In the case of dbE the obtained precision had a value of 88% using the CNN architecture, which is superior to the other combinations of proven recognition techniques. In previous work [4, 5], in the tests with this database we reached a maximum value of 86% accuracy, clarifying that there were some notable differences between both tests. In these reported works the database was reduced because the recognizer could not identify all the parts of the face in several photos, which is fundamental for the feature extractor, reason why only 20% of the faces were detected. Comparing this work with other research is complicated. To the best of our knowledge, the problem of recognizing non-basic emotions using convolutional neural networks has not been addressed. In [30], we found an emotion recognition work using database Acted Facial Expressions in Wild, a database that collects images of movies to catch more realistic expressions. This work obtained an average below 70%, where six of the seven emotions analyzed obtained a percentage below 70%. With this, we can conclude that our recognizer has high accuracy since it identifies non-basic emotions obtained from a real programming context. There have also been work that have made a comparison with non-basic emotions but without using convolutional networks. The work of Bosch [31] is an example of this, where they obtained a precision less than 70%.

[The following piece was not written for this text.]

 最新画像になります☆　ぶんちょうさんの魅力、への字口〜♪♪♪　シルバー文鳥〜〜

In the case of dbI, lower percentages were obtained compared to the previous databases. By joining the LBP and ANN methods, we obtained similar precisions to the CNN architecture. This helps us to understand that the database still requires work similar to dbE. A filter job has not yet been performed on this database and has an unbalanced class problem. Even so, we consider our results as satisfactory, because the previous comparisons with [31] and [30] give a clear idea of how complex it is to work with a database with spontaneous expressions.

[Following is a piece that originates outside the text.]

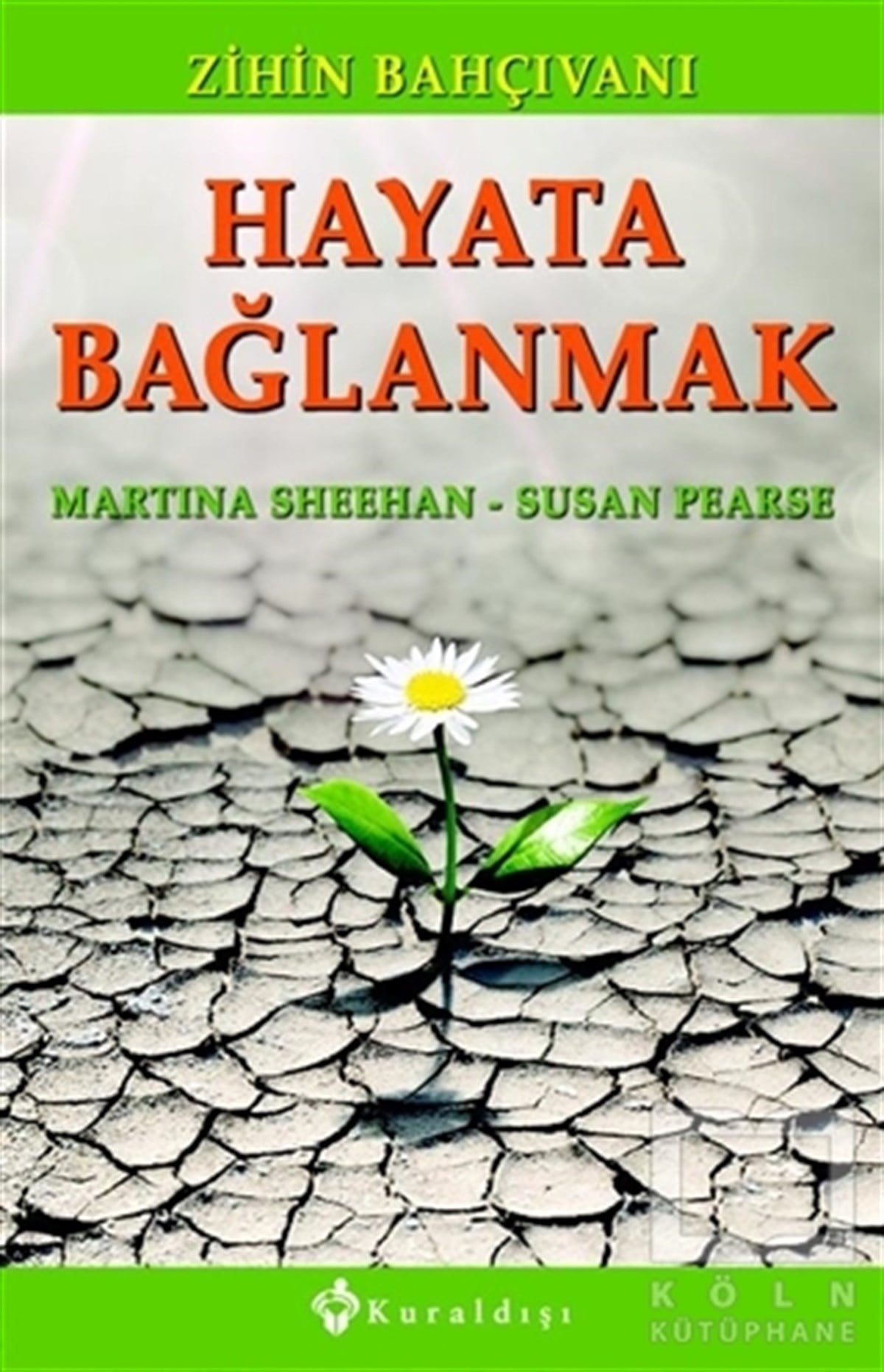 Martina SheehanKişisel GelişimHayata Bağlanmak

This work presents an architecture of a convolutional neural network for the recognition of learning-centered emotions. The proposed architecture consists of 3 convolutional layers each followed by a max-pooling layer, and finally 3 layers of fully-connected neural networks. The CNN was tested with 3 facial expressions databases: one database contains posed or acted basic emotions and two databases contains spontaneous learning-centered emotions. The evaluation suggests that the architecture can perfectly detect facial expressions of acted basic emotions by having similar and superior results than other popular methods when detecting similar emotions. Evidence also shows that learning-centered emotions can be successfully recognized in the event that the database is validated and filtered. Our architecture is the first one to prove itself with this type of emotions and expressions. Many of the tests with this type of architectures have been done with databases for acted expressions or for spontaneous expressions that have no relation with the learning process. In addition, we validate the importance of two new databases built by us and their importance and effectiveness in the training of different types of classifiers. As a future work we have to perform tasks such as increasing some classes (emotions) that are unbalanced in the database dbI, trying new architectures with other layers of pooling, and performing different filtering and pre-processing methods on our databases dbE and dbI.